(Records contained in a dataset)
________
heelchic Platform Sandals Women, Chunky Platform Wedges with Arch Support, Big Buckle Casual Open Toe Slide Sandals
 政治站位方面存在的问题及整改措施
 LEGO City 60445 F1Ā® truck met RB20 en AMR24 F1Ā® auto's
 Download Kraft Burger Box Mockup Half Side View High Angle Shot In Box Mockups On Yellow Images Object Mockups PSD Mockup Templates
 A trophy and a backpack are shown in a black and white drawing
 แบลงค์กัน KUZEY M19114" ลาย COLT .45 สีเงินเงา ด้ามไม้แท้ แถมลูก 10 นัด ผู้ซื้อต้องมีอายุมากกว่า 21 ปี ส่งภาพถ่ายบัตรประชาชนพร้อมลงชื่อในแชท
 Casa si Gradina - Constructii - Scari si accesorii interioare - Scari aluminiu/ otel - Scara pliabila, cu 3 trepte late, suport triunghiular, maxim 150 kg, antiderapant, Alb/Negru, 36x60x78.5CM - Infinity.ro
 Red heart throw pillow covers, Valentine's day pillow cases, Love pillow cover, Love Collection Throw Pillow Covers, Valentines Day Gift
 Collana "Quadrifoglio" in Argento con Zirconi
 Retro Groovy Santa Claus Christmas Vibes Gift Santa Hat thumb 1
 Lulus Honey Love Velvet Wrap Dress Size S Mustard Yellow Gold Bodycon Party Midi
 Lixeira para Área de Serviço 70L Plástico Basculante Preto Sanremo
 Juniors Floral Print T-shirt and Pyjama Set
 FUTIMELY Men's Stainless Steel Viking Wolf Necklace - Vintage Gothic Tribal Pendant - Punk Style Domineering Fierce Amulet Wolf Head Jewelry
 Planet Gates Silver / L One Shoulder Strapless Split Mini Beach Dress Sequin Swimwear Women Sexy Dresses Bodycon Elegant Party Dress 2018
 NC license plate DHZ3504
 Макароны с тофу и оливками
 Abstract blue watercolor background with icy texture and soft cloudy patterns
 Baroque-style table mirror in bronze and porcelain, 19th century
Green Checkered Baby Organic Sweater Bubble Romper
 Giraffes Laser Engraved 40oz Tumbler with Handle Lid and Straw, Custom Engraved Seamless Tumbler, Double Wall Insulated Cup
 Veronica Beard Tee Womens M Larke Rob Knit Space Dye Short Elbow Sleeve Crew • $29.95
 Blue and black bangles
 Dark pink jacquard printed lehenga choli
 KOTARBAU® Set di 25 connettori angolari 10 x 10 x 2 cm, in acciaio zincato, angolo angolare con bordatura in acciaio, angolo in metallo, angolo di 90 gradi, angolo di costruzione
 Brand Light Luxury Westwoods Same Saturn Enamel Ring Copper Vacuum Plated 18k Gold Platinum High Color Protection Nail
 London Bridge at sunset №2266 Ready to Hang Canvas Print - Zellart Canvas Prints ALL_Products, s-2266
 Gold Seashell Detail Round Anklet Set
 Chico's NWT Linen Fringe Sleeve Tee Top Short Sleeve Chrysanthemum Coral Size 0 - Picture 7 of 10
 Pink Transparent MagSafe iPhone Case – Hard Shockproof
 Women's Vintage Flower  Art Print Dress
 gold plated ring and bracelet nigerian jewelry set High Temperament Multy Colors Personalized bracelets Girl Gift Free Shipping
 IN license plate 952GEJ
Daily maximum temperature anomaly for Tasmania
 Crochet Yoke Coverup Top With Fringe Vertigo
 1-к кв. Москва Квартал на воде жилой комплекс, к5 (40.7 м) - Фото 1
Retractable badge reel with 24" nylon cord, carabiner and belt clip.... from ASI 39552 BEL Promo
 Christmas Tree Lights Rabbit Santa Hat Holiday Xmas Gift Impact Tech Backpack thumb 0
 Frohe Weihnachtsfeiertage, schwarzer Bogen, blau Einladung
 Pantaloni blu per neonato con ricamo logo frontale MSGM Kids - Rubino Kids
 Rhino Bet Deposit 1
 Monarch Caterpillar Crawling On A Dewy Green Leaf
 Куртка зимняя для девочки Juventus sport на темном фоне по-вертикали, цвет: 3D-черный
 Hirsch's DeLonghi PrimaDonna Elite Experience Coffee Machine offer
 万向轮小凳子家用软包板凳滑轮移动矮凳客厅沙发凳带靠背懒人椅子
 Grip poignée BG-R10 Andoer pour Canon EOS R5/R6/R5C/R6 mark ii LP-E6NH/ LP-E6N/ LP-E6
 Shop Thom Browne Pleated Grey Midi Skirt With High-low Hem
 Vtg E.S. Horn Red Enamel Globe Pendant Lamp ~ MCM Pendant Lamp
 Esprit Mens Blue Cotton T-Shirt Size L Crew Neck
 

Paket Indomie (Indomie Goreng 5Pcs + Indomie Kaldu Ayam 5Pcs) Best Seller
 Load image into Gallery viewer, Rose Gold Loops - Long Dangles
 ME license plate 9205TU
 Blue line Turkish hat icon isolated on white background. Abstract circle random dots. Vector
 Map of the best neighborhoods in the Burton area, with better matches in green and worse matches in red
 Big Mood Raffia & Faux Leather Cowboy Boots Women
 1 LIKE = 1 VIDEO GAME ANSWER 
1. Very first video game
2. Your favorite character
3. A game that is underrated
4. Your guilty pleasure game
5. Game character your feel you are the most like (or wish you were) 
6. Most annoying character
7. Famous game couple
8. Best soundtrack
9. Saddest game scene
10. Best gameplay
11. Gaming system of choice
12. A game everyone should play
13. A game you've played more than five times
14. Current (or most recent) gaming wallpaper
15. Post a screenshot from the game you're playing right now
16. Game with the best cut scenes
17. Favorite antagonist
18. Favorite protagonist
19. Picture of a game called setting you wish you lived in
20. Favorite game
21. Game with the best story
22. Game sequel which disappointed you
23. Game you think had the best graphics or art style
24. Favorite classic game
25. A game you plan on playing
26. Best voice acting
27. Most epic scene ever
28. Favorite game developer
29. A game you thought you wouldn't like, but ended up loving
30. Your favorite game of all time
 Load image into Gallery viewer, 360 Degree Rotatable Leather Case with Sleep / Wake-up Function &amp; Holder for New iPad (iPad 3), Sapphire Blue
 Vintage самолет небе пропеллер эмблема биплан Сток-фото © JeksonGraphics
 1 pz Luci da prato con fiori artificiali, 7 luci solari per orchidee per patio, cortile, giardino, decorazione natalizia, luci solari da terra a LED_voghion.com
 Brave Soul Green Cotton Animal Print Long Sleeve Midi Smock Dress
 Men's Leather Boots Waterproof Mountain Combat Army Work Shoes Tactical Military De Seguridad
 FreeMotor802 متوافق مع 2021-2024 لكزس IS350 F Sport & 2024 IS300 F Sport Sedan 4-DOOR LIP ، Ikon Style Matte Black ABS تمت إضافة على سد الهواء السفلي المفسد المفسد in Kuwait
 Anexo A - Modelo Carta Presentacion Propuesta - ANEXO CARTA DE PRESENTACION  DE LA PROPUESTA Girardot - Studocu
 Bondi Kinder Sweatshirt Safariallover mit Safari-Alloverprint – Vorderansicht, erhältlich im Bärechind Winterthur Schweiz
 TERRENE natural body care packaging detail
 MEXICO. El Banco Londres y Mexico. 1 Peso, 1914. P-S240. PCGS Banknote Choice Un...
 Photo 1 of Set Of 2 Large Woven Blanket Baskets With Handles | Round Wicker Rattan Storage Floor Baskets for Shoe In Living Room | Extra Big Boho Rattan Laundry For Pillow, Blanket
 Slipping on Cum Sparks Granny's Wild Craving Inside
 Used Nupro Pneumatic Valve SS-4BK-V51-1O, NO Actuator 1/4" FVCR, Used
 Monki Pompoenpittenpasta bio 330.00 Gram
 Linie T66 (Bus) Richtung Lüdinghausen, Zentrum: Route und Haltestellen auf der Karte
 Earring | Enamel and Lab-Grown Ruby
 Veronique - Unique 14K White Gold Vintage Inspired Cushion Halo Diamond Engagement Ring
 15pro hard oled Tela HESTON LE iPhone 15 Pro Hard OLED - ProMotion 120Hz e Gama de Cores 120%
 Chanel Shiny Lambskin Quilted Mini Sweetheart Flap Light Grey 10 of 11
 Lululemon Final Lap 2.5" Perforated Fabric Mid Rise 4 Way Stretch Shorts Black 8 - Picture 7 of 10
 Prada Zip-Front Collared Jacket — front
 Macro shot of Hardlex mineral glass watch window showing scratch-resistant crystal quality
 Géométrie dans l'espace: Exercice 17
________
• ASSIGNMENT
In the entries above, find the line with "Casa si Gradina" and the line with "Dark pink jacquard printed lehenga choli", then restate word for word both of them and every line between, with nothing more.

• ANSWER FOR THE TASK
 Casa si Gradina - Constructii - Scari si accesorii interioare - Scari aluminiu/ otel - Scara pliabila, cu 3 trepte late, suport triunghiular, maxim 150 kg, antiderapant, Alb/Negru, 36x60x78.5CM - Infinity.ro
 Red heart throw pillow covers, Valentine's day pillow cases, Love pillow cover, Love Collection Throw Pillow Covers, Valentines Day Gift
 Collana "Quadrifoglio" in Argento con Zirconi
 Retro Groovy Santa Claus Christmas Vibes Gift Santa Hat thumb 1
 Lulus Honey Love Velvet Wrap Dress Size S Mustard Yellow Gold Bodycon Party Midi
 Lixeira para Área de Serviço 70L Plástico Basculante Preto Sanremo
 Juniors Floral Print T-shirt and Pyjama Set
 FUTIMELY Men's Stainless Steel Viking Wolf Necklace - Vintage Gothic Tribal Pendant - Punk Style Domineering Fierce Amulet Wolf Head Jewelry
 Planet Gates Silver / L One Shoulder Strapless Split Mini Beach Dress Sequin Swimwear Women Sexy Dresses Bodycon Elegant Party Dress 2018
 NC license plate DHZ3504
 Макароны с тофу и оливками
 Abstract blue watercolor background with icy texture and soft cloudy patterns
 Baroque-style table mirror in bronze and porcelain, 19th century
Green Checkered Baby Organic Sweater Bubble Romper
 Giraffes Laser Engraved 40oz Tumbler with Handle Lid and Straw, Custom Engraved Seamless Tumbler, Double Wall Insulated Cup
 Veronica Beard Tee Womens M Larke Rob Knit Space Dye Short Elbow Sleeve Crew • $29.95
 Blue and black bangles
 Dark pink jacquard printed lehenga choli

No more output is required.